アリアドネの糸
菅谷邸に出向いた。私と聖、大海と隼太、由宇の顔触れだ。いくつかある内の客間の一つに通される。麒麟と昴が室内の畳に胡坐を掻いている。出された茶を飲んで人心地つく。じりじりと照りつけるような陽射しの中を来たので、冷房の効いた部屋に和む。
「呪術のサンプルを持ち帰ってみて判ったことがある」
開口一番、麒麟が言った。
「長老たちは現身ではないかもしれない」
「どういうことだ」
麒麟が隼太を見る。
「言ったまま。念の塊のような存在じゃないかと思う」
「……消し去ることも或いは可能、と?」
由宇の慎重な問いかけに、麒麟は頷く。
「場合によっては。但し、椎名のほうは現身だろうから、消す、と言う訳には行かないかもね」
「目下、抑えるのは椎名のほうか」
「接触しているのが彼だから、その機会のほうがあるだろう」
「生け捕りに出来るかな」
「したいものだね」
隼太と麒麟の間で物騒な会話が続く。俯いた私に麒麟が尋ねる。
「どうしたの、ことちゃん」
「いえ、もっと穏便なやり方はないものかと。出来れば血が流れないような」
「相手の出方が出方だ。生温い考え方は捨てたほうが良い」
昴が窘める口調で言う。
「お前が日和見に走れば、大事な鬼兎が盗られるぞ」
隼太の低い声は、私に対して何より効果があった。聖を供物にさせはしない。
「では、長老たちを調伏すると」
「やってみようと考えてるよ。機会は彼らが再び夢枕に立った時だ。でも、まずは椎名かな」
私は青磁の湯呑みを手に取る。温かい。この温かさが、彼らにもあるのであれば。
「コトノハは夢の中でも処方可能?」
「普通の夢ではない空間ですから、可能だと思います」
「緊縛のコトノハを」
「解りました」
茶と一緒に供された水羊羹を食べると、す、と冷えて口に嬉しい。
「奈苗ちゃんの具合はどう?」
「だいぶマシになりました。今日は大事を取って休ませています」
「うん、それが良い」
麒麟が由宇の言葉に頷く。
「専守防衛では埒が明かない。
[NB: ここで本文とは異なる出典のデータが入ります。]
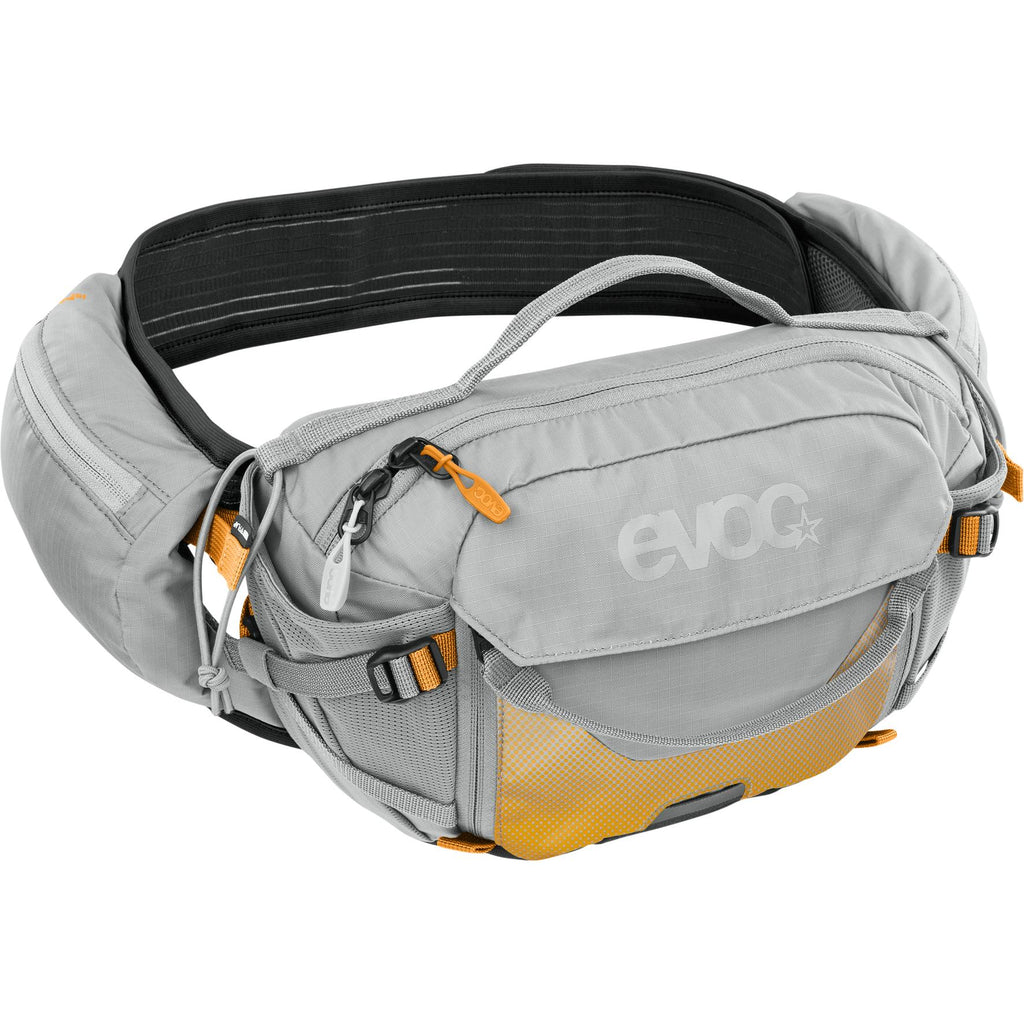 EVOC Hip Pack Pro E-Ride showing charger compartment and Air Flow Contact System ventilation detail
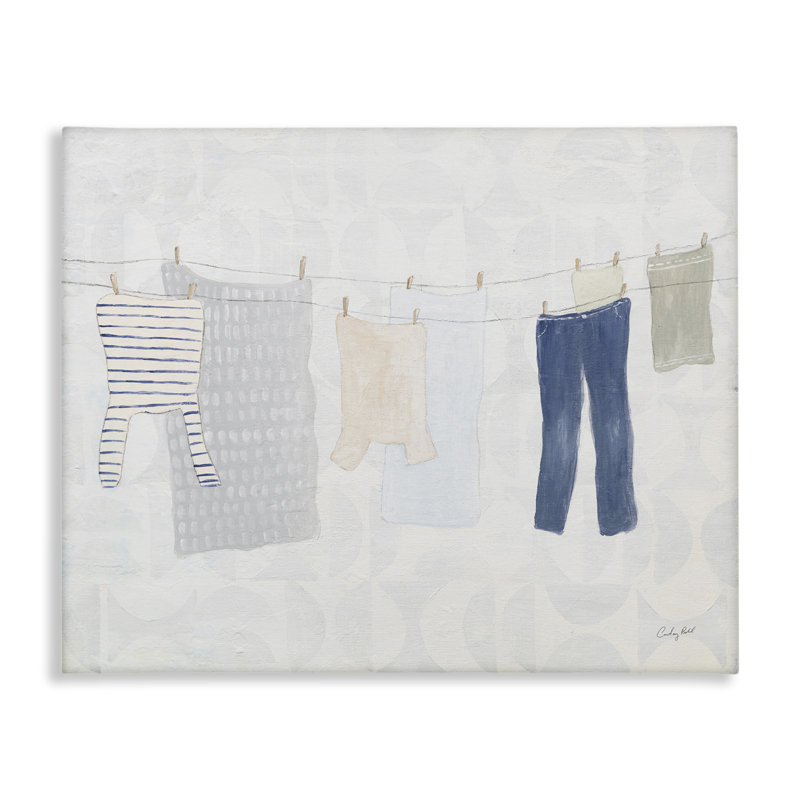  «Laundry Day», art mural sur toile suspendue par Courtney Prahl, H 24 po x l 30 po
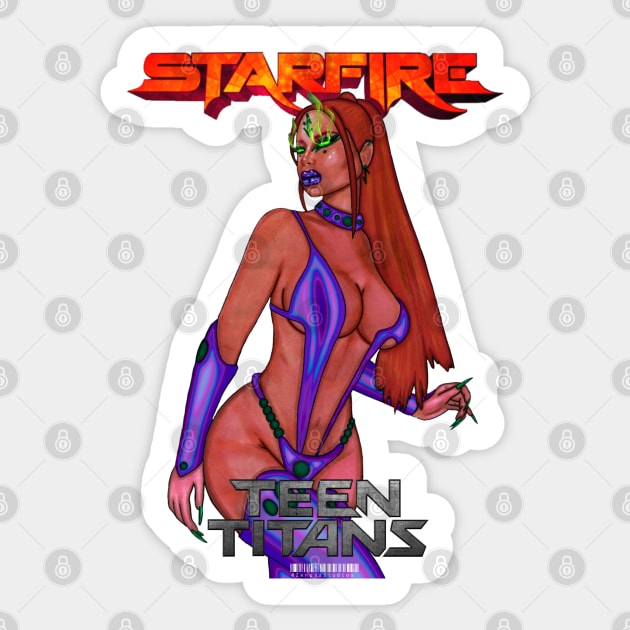 Starfire Teen Titans Sticker by Zenpaistudios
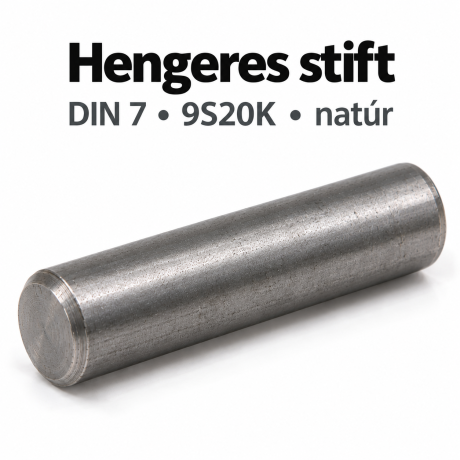 Hengeres stift – DIN 7, 9S20K natúr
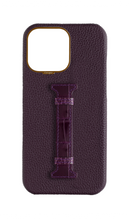 Deep Purple Exotic Crocodile Middle Strap Case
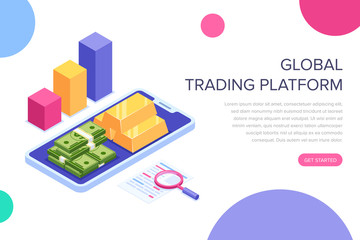 Global trading platform or financial management concept. Can use for web banner, infographics, hero images. Flat isometric vector illustration isolated on white background.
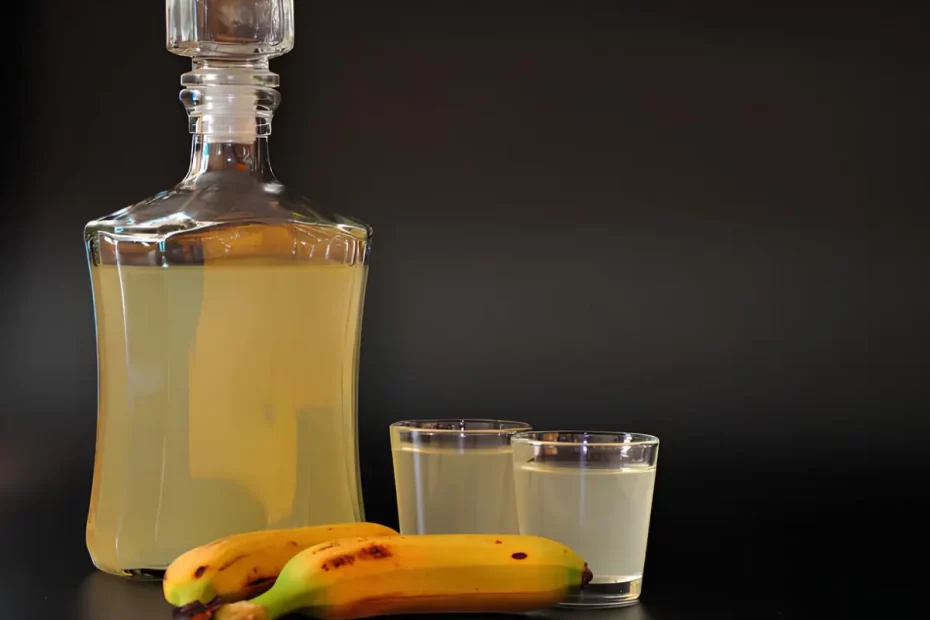 Uma garrafa e dois copos de cachaça de banana.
こちらからも攻め手を講じるぞ」
「異議はない」
昴に、隼太は同意した。
私は、そんな彼らを、どこかぼう、とした目で眺めていた。
争わずに済む方法はないものだろうか。瑠璃雀たちの件で判ったように、この分だとまた、血が流れる。そうではなく。そうしたことではなく。子守歌を歌うように、椎名たちを包み守るような、そんな抑え方はないのだろうか。三席などは最早、どうでも良い。嫋やかな、しなやかな方法で彼らを包みたい。これは私が女だから思うことだろうか。帰ったら、摩耶や奈苗に話してみよう。甘いと嗤うような真似を彼女たちはしないだろう。私は、細い糸を手繰り迷宮から脱するように、そんなことを考えていた。話し合いを終えて聖たちと帰宅して、夕食の準備に取り掛かる。一通りそれらの作業を終えたら入浴し、奈苗を見舞った。奈苗には、由宇の隣室を宛がっている。熱はもう下がったが、全快までにはまだ少し掛かるだろう。奈苗に今日の話し合いの仔細を伝えると、私も攻めに転じたが良いと思う、と頼もしい言葉を告げる。そんな奈苗を見ながら、私は胸中で語り掛けた。
ねえ、奈苗。
私は解ってしまったよ。貴方が身を焦がす相手が本当は誰であるのか。